*** Block opens ***

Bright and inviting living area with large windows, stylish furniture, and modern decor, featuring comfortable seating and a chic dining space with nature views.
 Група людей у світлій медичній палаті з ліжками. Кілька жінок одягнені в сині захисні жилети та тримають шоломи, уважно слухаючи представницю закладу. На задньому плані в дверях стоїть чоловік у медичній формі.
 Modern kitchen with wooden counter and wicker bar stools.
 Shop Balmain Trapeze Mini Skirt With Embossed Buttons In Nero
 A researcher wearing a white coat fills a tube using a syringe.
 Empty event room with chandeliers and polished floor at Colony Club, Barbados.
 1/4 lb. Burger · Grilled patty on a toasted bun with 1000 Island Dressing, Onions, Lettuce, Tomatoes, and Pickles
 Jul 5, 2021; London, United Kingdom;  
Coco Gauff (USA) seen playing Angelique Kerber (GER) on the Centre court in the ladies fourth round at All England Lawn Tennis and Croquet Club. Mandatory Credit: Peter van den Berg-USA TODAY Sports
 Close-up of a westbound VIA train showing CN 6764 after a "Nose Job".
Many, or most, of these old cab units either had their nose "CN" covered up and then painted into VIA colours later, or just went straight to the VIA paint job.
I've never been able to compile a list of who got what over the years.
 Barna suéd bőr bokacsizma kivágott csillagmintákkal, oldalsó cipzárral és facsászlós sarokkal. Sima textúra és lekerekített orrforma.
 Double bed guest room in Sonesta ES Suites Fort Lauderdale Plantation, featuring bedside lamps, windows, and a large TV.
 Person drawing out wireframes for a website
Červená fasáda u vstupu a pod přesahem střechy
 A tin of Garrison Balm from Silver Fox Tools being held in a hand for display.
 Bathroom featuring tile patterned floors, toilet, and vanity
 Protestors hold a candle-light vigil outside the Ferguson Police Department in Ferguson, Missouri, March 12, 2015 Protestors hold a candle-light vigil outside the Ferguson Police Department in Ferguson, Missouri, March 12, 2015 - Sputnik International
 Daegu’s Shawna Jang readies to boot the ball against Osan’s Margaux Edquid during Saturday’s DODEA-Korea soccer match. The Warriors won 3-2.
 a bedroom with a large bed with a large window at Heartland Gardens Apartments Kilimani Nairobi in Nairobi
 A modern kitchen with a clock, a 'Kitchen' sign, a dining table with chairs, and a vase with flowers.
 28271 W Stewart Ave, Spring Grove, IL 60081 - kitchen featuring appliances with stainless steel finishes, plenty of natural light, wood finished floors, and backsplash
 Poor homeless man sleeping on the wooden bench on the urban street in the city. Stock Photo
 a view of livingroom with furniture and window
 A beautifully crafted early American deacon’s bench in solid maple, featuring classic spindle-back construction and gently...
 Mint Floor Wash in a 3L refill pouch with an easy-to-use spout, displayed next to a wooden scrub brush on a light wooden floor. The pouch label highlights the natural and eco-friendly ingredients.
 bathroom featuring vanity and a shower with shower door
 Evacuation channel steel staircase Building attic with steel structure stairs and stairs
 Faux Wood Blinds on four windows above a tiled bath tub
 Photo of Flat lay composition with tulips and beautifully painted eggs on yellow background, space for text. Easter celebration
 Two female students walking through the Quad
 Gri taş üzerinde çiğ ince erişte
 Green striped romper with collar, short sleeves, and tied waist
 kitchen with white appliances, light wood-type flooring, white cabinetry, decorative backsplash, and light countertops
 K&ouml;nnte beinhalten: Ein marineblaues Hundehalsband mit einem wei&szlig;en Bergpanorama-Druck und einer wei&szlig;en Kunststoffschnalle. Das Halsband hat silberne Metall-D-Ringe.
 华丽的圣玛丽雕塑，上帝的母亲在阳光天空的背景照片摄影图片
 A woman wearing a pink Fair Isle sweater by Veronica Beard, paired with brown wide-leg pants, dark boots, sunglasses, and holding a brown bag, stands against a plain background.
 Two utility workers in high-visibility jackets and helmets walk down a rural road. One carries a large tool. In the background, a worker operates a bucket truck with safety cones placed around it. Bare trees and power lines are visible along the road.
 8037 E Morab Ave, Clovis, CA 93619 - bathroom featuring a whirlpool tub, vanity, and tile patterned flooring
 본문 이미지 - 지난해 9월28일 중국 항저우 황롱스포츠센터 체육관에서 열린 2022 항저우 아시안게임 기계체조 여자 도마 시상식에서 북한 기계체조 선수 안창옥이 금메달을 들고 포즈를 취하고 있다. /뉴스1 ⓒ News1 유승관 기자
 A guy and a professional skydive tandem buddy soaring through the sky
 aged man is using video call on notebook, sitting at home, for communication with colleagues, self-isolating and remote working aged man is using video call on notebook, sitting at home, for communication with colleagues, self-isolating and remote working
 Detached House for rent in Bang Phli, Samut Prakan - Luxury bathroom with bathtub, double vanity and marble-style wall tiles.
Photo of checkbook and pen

*** Block closes ***

__Try it__
Starting from the data above, filter for lines with "featuring" and copy each one.

__Task response__
Bright and inviting living area with large windows, stylish furniture, and modern decor, featuring comfortable seating and a chic dining space with nature views.
 Double bed guest room in Sonesta ES Suites Fort Lauderdale Plantation, featuring bedside lamps, windows, and a large TV.
 Bathroom featuring tile patterned floors, toilet, and vanity
 28271 W Stewart Ave, Spring Grove, IL 60081 - kitchen featuring appliances with stainless steel finishes, plenty of natural light, wood finished floors, and backsplash
 A beautifully crafted early American deacon’s bench in solid maple, featuring classic spindle-back construction and gently...
 bathroom featuring vanity and a shower with shower door
 8037 E Morab Ave, Clovis, CA 93619 - bathroom featuring a whirlpool tub, vanity, and tile patterned flooring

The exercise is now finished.